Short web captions
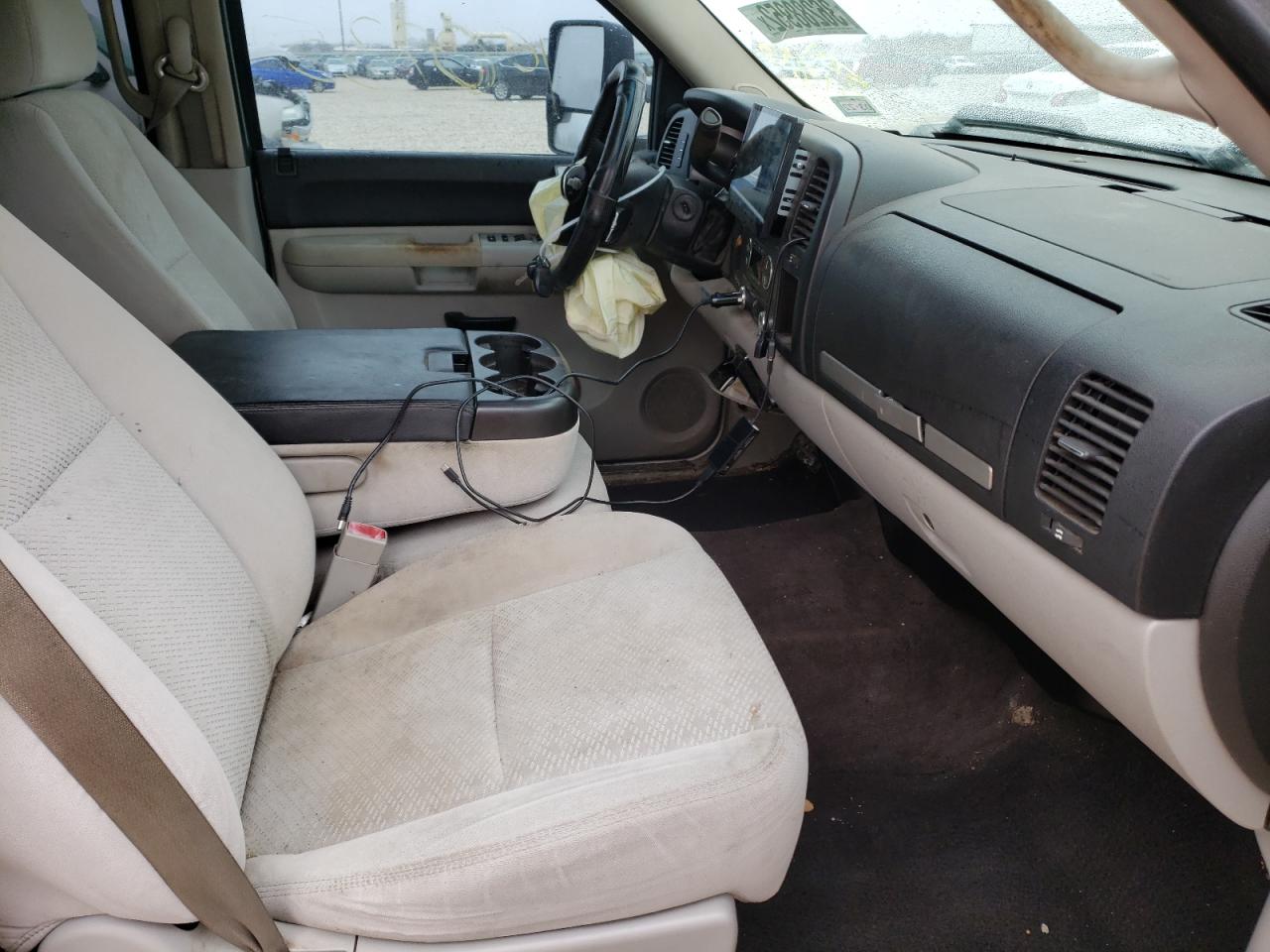Photo 5 from auction – 2007 CHEVROLET SILVERADO with VIN 3GCEC13J67G501486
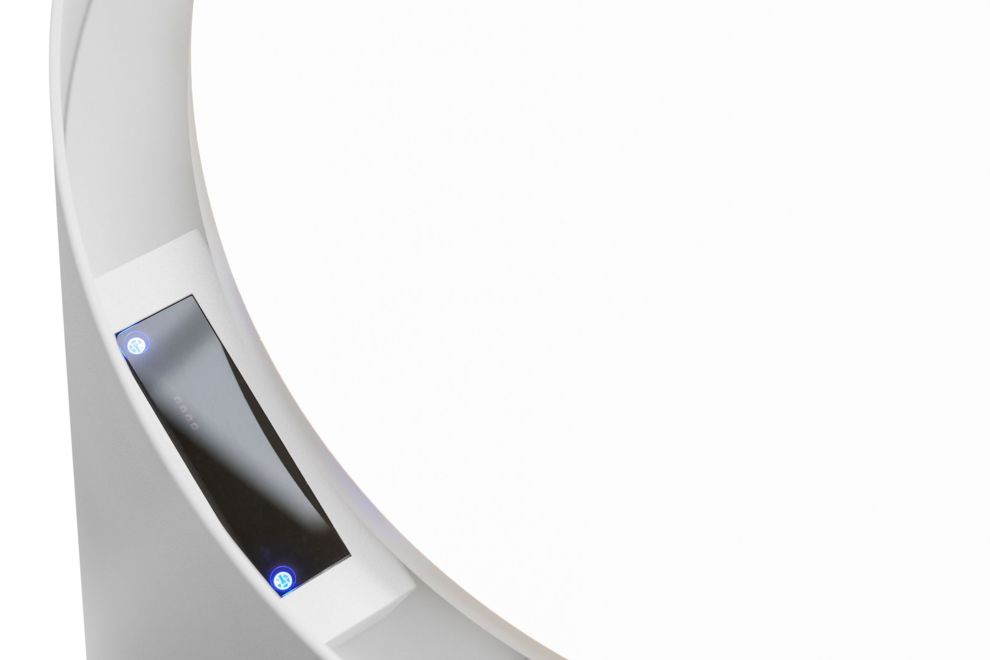 Okap kominowy Tubo OR Gesture Control White Matt - Biały Matt - zdjęcie produktu 8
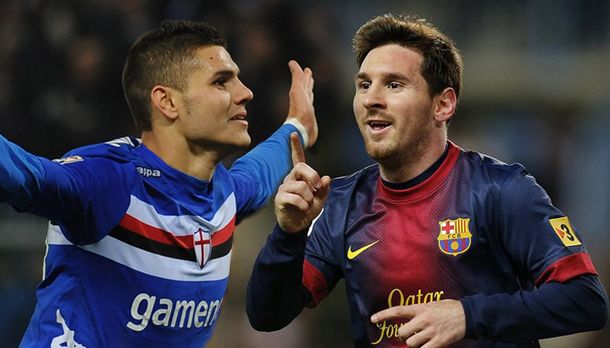 4x4: Messi e Icardi, goleadores y rompe récords en Europa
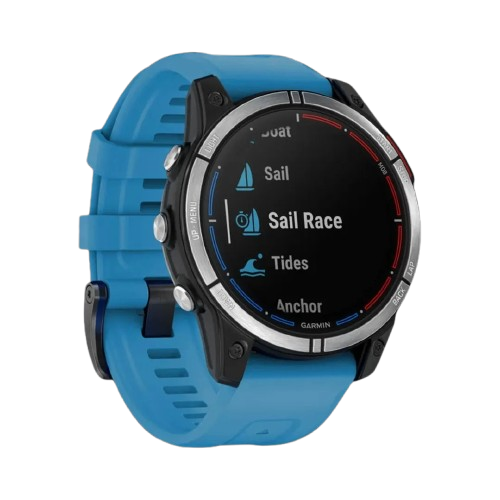 Garmin Quatix 7 Standard Edition Marine GPS Smartwatch with Сirrus Blue Band (010-02540-60/61/65)
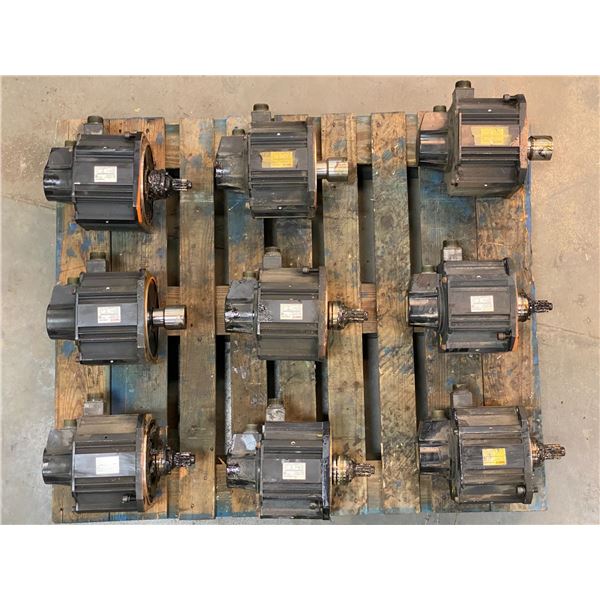 (9) Nachi # MFM552H1V Motors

- **Task prompt**: Return only the lines that start at the line containing "4x4: Messi e" and finish at the last line of the entries, exactly as written and without pictures.

- **Task result**:
 4x4: Messi e Icardi, goleadores y rompe récords en Europa
 Garmin Quatix 7 Standard Edition Marine GPS Smartwatch with Сirrus Blue Band (010-02540-60/61/65)
 (9) Nachi # MFM552H1V Motors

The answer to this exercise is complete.